What Is a 401(k) Retirement Plan?

A 401(k) plan is an employer-sponsored retirement account that gets its name from the subsection of the U.S. tax code that establishes it. Employees make contributions from their paychecks directly into their 401(k) plan. Their employers are also able to match their contributions.

What Is a 401(k)?

A 401(k) plan is a retirement plan set up by your employer that allows you to take advantage of tax breaks as you save for your retirement.

You elect to have a certain amount of your income taken out of each paycheck. The income taxes on this contribution are deferred until you withdraw from your 401(k).

Your employer can choose to match your contributions, increasing the amount of money put into your retirement plan. Your employer also gets to deduct its matching contributions.

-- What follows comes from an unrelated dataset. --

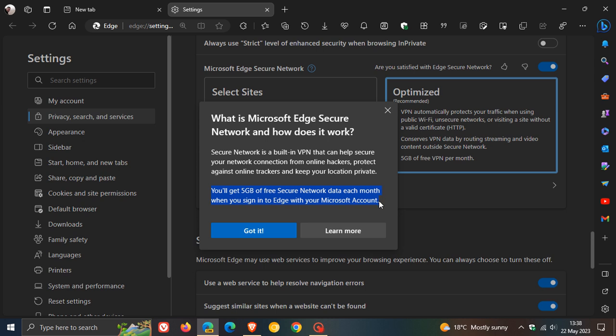So this is currently being tested in Edge Canary. As far as I know, the VPN is available to some users in the stable version. I haven't seen it as yet in any of my stable browsers of Edge, but I'm not sure if this five gigabyte data quota is available in the stable version if you do have the actual VPN in your stable version of Edge.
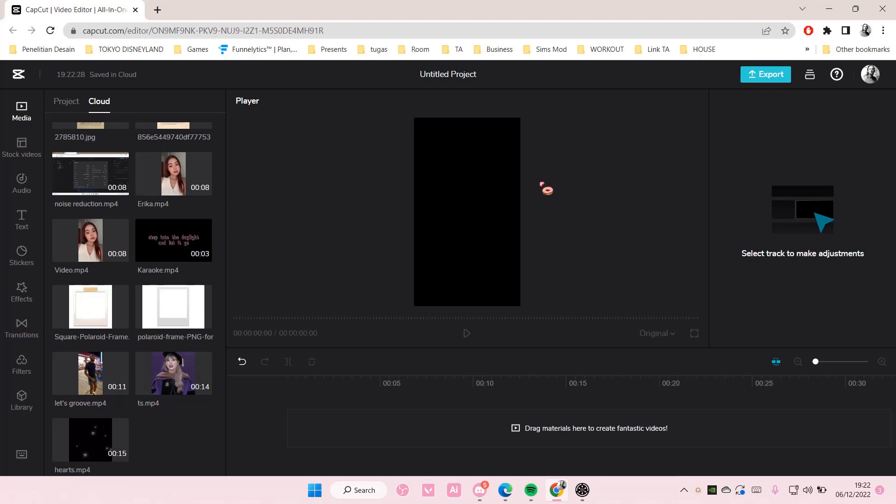Hey guys and welcome back to this channel. In this video I'll be showing you how you can search for video effects on CapCut browser. Before I start this video, yes this is on the browser, not on the app. You can only do this on browser because it's not in the app itself.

There are several types of 401(k) plans available that employers may set up and different rules apply to each.

Types of 401(k) Plans
Traditional 401(k) Plans
These 401(k) plans allow you to make pre-tax contributions through payroll deductions and your employer may match your contributions. You have a choice of options in which you can invest these contributions. You only pay taxes on the money in your plan when you withdraw from it.
Roth IRA Plans
These employer-sponsored plans are similar to traditional 401(k) plans, but your contributions are taxed before you put them into your plan. Income you then earn on your account — including interest, dividends or capital gains — are tax-free when you withdraw money from your Roth 401(k) plan.
Safe Harbor 401(k) Plans
While similar to traditional 401(k) plans, these plans require that annual employer contributions are fully vested as soon as they’re made. That means you immediately own the money your employer contributes.
SIMPLE 401(k) Plans
These plans allow small businesses to offer cost-effective retirement plans to their employees. Like safe harbor 401(k) plans, contributions your employer makes to your SIMPLE 401(k) is immediately vested. These are available to employers with 100 or fewer employees who earned $5,000 or more in the previous calendar year.

401(k) Contribution Limits

You are limited in how much money you can place into your 401(k) plan each year. The limit may also change from year to year.

If you are 50 or older, you may be able to make an additional contribution that exceeds the standard limit. These are called “catch-up contributions.” They have their own limits that may change from year to year.

2020 Contribution Limits for 401(k) Plans
Contribution Type2020 Contribution Limit
Employee contribution (traditional and Roth 401(k) plans)$19,500
Catch-up contribution (employees 50 or older)$6,500
SIMPLE 401(k) employee contributions$13,500
Combined employee and employer contribution$57,000 ($63,500 for catch-up contributions)

401(k) Investment Options

A 401(k) plan is usually managed by a financial services group that offers a choice of several investment options.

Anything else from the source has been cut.